3.4.4 Degeneracy: Different Errors, Same Syndrome

A crucial concept that will become important in quantum coding is degeneracy: different error patterns may produce the same syndrome.

Note

Definition: Degeneracy. Two error patterns \(\mathbf{e}_1\) and \(\mathbf{e}_2\) are degenerate if they have the same syndrome: \(H \mathbf{e}_1^T = H \mathbf{e}_2^T\). Their difference \(\mathbf{e}_1 + \mathbf{e}_2\) is a codeword.

Degenerate errors are indistinguishable from syndrome measurements alone. However, they may have different effects on the encoded information. In classical coding, this doesn’t help much—we still need to correct the error. But in quantum coding, degenerate errors can be exploited to reduce the effective error rate.

Example: Classical Degeneracy. Consider a code with minimum distance \(d = 4\). The error patterns \(\mathbf{e}_1\) with weight 1 and \(\mathbf{e}_2\) with weight 3 might have the same syndrome if \(\mathbf{e}_1 + \mathbf{e}_2\) is a codeword of weight 4. Both errors produce the same syndrome, but their effects on the decoded message differ.

Note

Remark. Degeneracy is a purely classical concept, but it becomes far more important in quantum codes. Quantum codes can exploit degeneracy to achieve better performance than classical codes with equivalent parameters, because the syndrome doesn’t distinguish between equivalent quantum errors. This will be explored in detail in Chapter 3.

The syndrome decoding formulation leads naturally to efficient approximate algorithms. Instead of finding the global minimum weight error pattern, we can iteratively update beliefs about each bit’s value—the subject of the next chapter.

TipKey Takeaways
  • Linear codes encode \(k\) information bits into \(n\) codeword bits using generator matrix \(G\); the code rate \(R = k/n\) measures efficiency
  • Parity-check matrix \(H\) defines constraints that all codewords satisfy; \(H \mathbf{c}^T = \mathbf{0}\) for any codeword \(\mathbf{c}\)
  • Syndrome \(\mathbf{s} = H \mathbf{r}^T\) reveals error information without exposing the original message; zero syndrome means valid codeword (not necessarily correct)
  • Minimum distance \(d\) determines correction capability: can correct \(t = \lfloor(d-1)/2\rfloor\) errors and detect \(d-1\) errors
  • Hamming code \([7,4,3]\) is a perfect single-error-correcting code where syndrome directly indicates error position
  • Singleton bound \(d \leq n - k + 1\) limits achievable distance for given rate

3.5 Exercises

  1. Hamming Code Encoding.
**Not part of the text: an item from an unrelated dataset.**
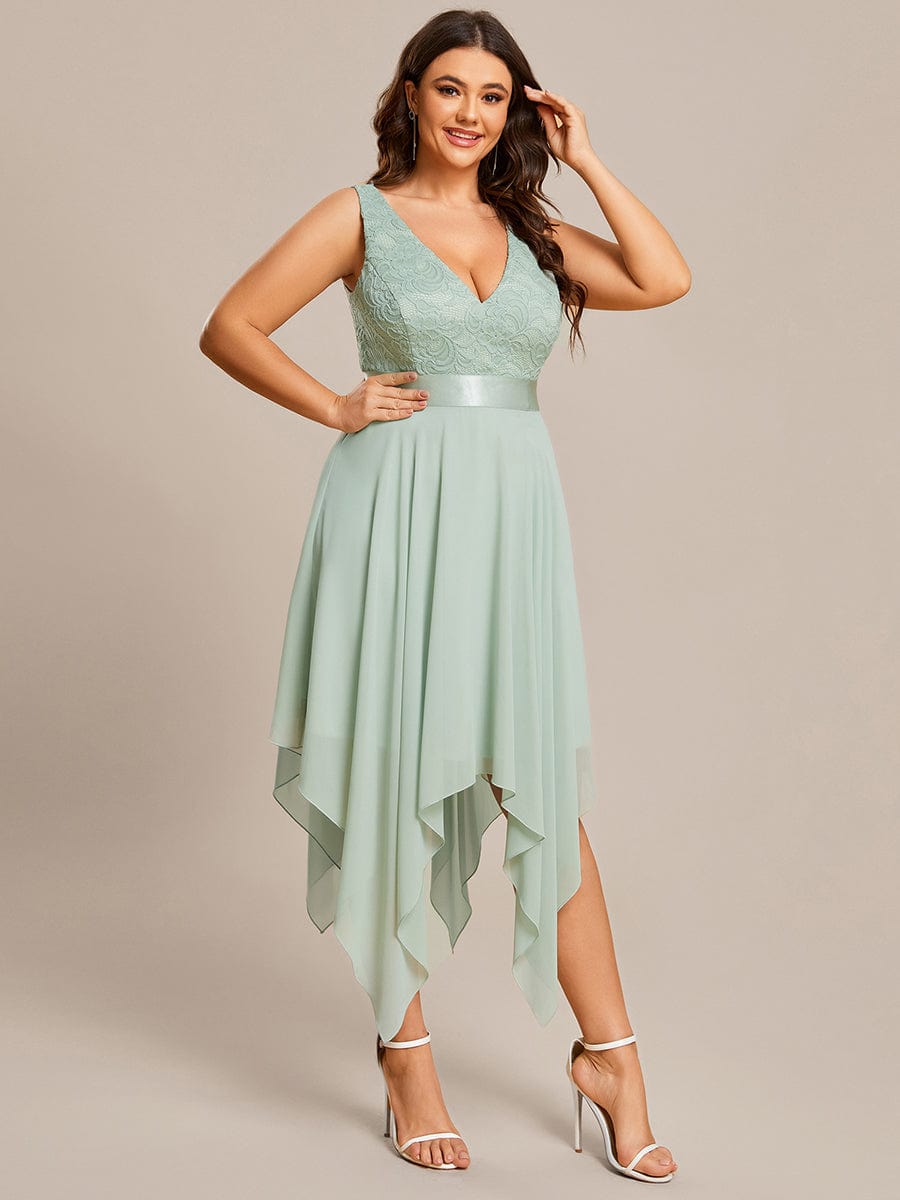 Stunning V Neck Lace Chiffon Bridesmaid Dress #color_Mint Green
Consider the \([7,4,3]\) Hamming code with generator matrix \(G\) given in this chapter.

    1. Encode the message \(\mathbf{m} = (0, 1, 1, 0)\) using the generator matrix. Show your calculation.

    2. Verify that your codeword satisfies all parity-check equations by computing \(H \mathbf{c}^T\).
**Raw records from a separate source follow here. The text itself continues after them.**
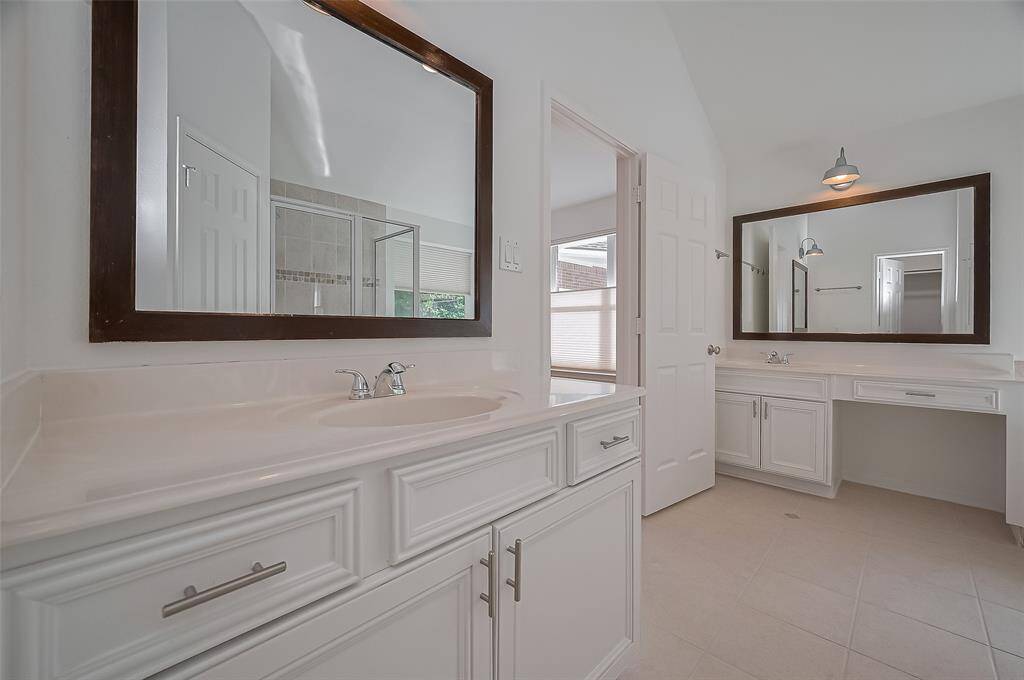This large principal bathroom provides maximum storage space for your everyday needs.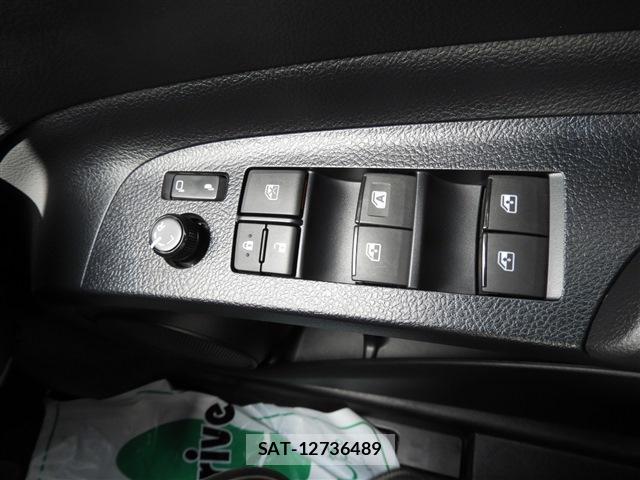 Toyota SIENTA 2019-03 8053402-17
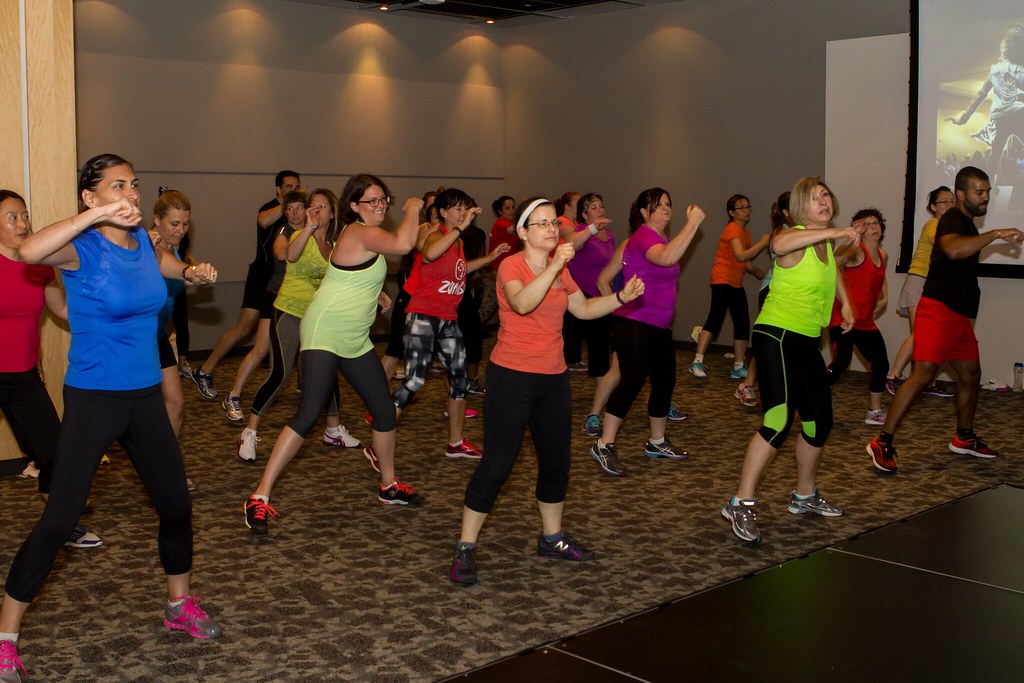 Zumba pour UneMarche / Zumba for OneWalk Activité de colle… Flickr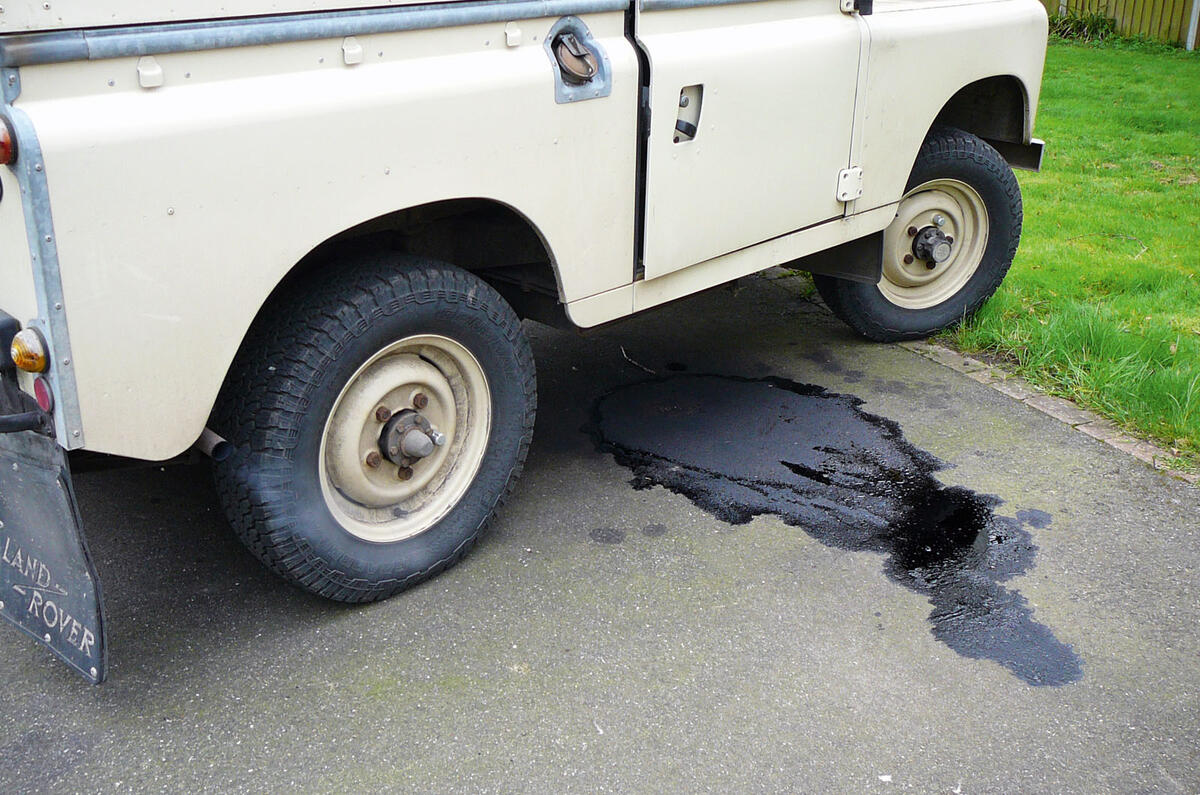 Ruppert's Land Rover Series 3 - leaking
    3. What is the Hamming weight of your codeword? Is this the minimum possible weight for a non-zero codeword in this code?

  2. Syndrome Decoding. Suppose you receive the vector \(\mathbf{r} = (1, 1, 0, 1, 0, 1, 0)\) from a channel using the \([7,4,3]\) Hamming code.

    1. Compute the syndrome \(\mathbf{s} = H \mathbf{r}^T\).

    2. Determine which bit (if any) is in error based on the syndrome.

    3. Correct the error and extract the original 4-bit message.

    4. If two bits were flipped during transmission, would the Hamming code be able to correct the error? Explain why or why not.

  3. Code Parameters and Bounds. Consider designing a binary linear code.

    1. Using the Singleton bound, what is the maximum possible minimum distance for a \([15, 7]\) code?

    2. The \([15, 11, 3]\) Hamming code exists. Verify that it satisfies the Singleton bound.

    3. Explain intuitively why we cannot have a \([7, 4, 4]\) code (i.e., why the Singleton bound prevents this).

    4. For a code that can correct \(t = 2\) errors, what is the minimum required distance \(d\)?

NoteBridge to Next Chapter

We have established the foundations of classical error correction: linear codes, parity-check matrices, syndromes, and the Hamming code. However, syndrome decoding by exhaustive search is computationally intractable for large codes. The next chapter introduces Low-Density Parity-Check (LDPC) codes and Belief Propagation, which enable efficient near-optimal decoding by exploiting the sparse structure of the parity-check matrix. The message-passing algorithms we develop there will later extend directly to quantum error correction.